Below are comments filed by the Lexington Institute’s Paul Steidler to the Federal Trade Commission and U.S. Department of Justice’s docket on proposed new merger guidelines. The comments are also in the PDF document here and online as part of the docket here.
The proposed merger guidelines from the Federal Trade Commission and U.S. Department of Justice are disconcerting and indeed dangerous because they are so broad and hostile to business combinations that lead to economic growth, substantial innovation, job creation, and reward risk-taking.
For example, Guideline 2 says, “Mergers Should Not Eliminate Substantial Competition between Firms,” which, of course, is inherent in most transactions. Similarly, Guideline 3 says, “Mergers Should Not Increase the Risk of Coordination.” Yet coordination is an inherent benefit of mergers.

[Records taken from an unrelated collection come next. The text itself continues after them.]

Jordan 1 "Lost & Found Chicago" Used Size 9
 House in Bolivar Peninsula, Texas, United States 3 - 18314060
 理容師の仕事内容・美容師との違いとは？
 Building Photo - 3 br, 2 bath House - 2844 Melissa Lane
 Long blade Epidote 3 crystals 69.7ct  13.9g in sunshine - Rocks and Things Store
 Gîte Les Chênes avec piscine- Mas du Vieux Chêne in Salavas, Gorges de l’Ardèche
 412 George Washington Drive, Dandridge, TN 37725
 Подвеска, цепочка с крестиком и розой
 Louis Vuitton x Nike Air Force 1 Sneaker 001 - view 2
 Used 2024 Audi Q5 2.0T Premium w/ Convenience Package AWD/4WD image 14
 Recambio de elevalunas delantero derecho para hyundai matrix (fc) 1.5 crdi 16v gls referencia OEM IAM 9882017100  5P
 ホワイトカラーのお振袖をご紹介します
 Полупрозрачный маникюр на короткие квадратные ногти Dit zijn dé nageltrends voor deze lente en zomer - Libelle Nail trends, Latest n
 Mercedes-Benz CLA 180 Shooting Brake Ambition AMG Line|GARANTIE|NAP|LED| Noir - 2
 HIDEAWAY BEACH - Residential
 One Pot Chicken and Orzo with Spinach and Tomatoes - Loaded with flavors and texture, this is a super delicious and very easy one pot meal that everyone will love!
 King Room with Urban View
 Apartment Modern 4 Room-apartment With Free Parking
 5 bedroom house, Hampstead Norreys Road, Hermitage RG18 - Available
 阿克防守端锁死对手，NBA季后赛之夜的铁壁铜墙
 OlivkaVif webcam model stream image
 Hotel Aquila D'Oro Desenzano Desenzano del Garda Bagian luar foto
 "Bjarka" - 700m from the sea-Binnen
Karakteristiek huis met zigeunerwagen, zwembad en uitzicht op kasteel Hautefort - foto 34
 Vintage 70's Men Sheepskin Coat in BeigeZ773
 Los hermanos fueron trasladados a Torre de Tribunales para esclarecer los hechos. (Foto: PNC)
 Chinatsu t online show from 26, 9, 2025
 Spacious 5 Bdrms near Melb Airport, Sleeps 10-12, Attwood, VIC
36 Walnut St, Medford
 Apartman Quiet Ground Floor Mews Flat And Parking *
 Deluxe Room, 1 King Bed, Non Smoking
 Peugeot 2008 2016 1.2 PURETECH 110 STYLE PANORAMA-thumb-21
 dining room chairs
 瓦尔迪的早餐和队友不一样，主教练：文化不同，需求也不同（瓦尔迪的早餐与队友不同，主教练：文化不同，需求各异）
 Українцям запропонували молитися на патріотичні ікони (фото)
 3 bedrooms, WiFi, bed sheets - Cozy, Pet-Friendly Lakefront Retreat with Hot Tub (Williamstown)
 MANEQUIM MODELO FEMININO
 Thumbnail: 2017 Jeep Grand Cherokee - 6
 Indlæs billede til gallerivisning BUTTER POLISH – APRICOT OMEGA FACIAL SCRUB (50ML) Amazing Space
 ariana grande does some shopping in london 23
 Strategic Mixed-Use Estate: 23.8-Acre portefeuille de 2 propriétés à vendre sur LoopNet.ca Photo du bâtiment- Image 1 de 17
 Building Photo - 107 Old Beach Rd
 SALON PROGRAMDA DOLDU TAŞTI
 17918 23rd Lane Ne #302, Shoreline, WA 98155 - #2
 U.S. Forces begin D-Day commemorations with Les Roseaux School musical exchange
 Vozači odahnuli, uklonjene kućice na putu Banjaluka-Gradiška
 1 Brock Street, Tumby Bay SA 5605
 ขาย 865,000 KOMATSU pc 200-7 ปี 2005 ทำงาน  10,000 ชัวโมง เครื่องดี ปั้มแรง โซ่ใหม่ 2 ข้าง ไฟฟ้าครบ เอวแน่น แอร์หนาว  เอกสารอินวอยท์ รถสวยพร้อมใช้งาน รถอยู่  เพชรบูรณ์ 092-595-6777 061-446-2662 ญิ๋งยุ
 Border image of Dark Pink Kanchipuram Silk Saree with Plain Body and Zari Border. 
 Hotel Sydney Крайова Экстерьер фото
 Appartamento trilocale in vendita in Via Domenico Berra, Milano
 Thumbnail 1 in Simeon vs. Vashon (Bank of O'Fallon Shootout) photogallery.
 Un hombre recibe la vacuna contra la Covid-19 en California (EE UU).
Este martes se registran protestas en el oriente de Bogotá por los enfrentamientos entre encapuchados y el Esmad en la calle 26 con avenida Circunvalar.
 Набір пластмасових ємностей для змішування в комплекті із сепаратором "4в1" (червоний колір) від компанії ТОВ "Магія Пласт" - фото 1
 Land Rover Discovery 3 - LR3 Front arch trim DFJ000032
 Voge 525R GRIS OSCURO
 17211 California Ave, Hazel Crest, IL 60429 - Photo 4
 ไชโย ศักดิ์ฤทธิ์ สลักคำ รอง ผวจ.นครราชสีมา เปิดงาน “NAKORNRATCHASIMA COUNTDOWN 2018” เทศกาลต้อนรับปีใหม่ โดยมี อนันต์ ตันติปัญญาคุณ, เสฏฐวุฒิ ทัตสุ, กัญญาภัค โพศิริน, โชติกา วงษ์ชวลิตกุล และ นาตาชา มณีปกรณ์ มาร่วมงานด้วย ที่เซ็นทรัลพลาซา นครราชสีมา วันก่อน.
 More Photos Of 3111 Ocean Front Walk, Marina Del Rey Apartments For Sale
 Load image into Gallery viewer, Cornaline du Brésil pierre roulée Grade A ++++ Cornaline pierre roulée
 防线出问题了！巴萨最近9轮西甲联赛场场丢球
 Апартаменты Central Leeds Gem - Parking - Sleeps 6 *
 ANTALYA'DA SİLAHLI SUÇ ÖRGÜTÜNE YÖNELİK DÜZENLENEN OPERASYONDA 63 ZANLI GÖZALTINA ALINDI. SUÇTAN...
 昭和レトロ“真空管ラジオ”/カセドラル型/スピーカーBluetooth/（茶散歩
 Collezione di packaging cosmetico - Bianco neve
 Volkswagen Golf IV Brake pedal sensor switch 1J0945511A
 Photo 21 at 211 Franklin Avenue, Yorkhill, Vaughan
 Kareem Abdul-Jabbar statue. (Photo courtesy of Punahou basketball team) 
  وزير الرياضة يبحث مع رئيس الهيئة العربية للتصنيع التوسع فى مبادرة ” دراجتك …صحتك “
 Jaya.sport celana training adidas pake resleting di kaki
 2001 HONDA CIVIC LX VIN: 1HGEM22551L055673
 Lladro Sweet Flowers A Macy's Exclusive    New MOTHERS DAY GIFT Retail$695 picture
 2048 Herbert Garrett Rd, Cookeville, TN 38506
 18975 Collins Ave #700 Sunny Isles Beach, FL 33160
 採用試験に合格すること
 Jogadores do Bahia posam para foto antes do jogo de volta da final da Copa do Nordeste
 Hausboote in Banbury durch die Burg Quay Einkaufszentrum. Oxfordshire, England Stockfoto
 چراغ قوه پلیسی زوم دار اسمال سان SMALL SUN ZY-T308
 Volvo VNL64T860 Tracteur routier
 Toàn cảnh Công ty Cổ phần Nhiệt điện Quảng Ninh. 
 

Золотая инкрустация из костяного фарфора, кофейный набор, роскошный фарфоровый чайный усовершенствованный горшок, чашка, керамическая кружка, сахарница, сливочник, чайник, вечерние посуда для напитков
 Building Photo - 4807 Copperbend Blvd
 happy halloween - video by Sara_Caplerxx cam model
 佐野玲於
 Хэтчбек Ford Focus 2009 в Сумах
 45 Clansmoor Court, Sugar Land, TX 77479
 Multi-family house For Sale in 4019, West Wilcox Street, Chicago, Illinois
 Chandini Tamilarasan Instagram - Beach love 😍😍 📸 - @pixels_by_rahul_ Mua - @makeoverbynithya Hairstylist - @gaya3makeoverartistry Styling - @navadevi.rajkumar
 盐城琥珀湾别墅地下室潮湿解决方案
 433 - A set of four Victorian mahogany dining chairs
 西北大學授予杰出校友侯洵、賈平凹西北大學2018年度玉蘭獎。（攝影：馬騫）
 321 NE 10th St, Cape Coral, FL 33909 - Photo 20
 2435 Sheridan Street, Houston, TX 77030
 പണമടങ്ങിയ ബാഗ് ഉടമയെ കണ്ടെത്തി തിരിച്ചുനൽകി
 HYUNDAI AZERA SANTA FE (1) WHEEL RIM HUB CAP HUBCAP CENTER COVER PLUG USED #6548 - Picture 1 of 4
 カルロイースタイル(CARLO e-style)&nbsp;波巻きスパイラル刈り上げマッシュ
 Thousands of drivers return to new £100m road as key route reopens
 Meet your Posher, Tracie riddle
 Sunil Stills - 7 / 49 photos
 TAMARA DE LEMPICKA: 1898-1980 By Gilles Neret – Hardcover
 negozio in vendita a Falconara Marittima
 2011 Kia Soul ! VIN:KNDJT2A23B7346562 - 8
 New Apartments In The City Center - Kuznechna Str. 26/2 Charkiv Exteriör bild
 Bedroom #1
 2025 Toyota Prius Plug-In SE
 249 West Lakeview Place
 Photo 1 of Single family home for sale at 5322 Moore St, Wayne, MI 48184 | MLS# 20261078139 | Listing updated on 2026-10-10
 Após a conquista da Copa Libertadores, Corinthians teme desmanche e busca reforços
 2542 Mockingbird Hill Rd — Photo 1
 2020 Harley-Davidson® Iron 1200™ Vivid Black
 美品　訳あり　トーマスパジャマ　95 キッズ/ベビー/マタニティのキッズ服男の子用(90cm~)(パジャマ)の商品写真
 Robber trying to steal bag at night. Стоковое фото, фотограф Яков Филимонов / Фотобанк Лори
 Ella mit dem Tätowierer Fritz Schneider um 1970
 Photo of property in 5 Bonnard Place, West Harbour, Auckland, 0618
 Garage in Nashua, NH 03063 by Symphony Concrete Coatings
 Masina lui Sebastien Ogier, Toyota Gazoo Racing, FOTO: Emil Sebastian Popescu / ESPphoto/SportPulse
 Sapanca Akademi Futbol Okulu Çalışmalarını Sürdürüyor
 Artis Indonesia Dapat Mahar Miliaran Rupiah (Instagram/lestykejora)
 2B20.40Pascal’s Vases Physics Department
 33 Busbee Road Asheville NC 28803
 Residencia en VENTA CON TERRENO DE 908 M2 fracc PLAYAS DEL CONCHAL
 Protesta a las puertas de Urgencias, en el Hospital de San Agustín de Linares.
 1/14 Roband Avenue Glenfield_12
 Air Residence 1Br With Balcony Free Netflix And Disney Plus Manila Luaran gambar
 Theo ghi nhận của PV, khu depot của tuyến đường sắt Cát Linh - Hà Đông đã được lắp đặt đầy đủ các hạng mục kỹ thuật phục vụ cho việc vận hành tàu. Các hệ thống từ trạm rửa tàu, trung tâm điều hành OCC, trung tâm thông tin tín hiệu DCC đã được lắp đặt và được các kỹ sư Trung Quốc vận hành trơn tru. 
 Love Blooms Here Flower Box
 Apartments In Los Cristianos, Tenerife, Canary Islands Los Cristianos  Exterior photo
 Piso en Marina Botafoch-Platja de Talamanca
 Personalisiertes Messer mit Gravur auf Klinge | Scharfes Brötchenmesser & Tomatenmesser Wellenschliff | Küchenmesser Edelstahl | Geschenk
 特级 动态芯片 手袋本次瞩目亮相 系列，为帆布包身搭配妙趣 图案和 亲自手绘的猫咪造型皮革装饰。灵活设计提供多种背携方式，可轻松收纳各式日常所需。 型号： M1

These arbitrary constraints supersede focusing on the impact on consumer welfare and whether the combined entity will be able to withstand foreign competitive pressures and be better able to develop innovative new products and services.
There are also major omissions in the guidelines. Nowhere is there any discussion about how mergers and acquisitions can be exceptionally good for the U.S. economy and that this should be understood and even encouraged by regulators.
The guidelines do not discuss risk-taking by entrepreneurs who establish new businesses, often with the aim of an eventual sale, nor does it mention the employees who take major chances on joining these entrepreneurial leaders. Both serve the public interest.
The word “China,” America’s primary economic competitor, does not even appear in the 51-page guidelines, nor does the word “shareholder.” There is not even a basic acknowledgment that often it is by combining operations that companies can have the synergies and scale to grow – and serve the public good.
The upshot is that the guidelines would turn back the clock 40 years to a time when American innovation was stifled, and businesses significantly regulated.
It also merits mentioning that Larry Summers, Treasury Secretary in the Clinton Administration and Director of the National Economic Council in the Obama Administration, also recognizes the dangers of this approach. He told Fortune.com that he is “disappointed” with the merger guidelines as they show the administration is choosing to “double down on what sometimes seems like a war on business.”
Given the above, the guidelines should be withdrawn and terminated.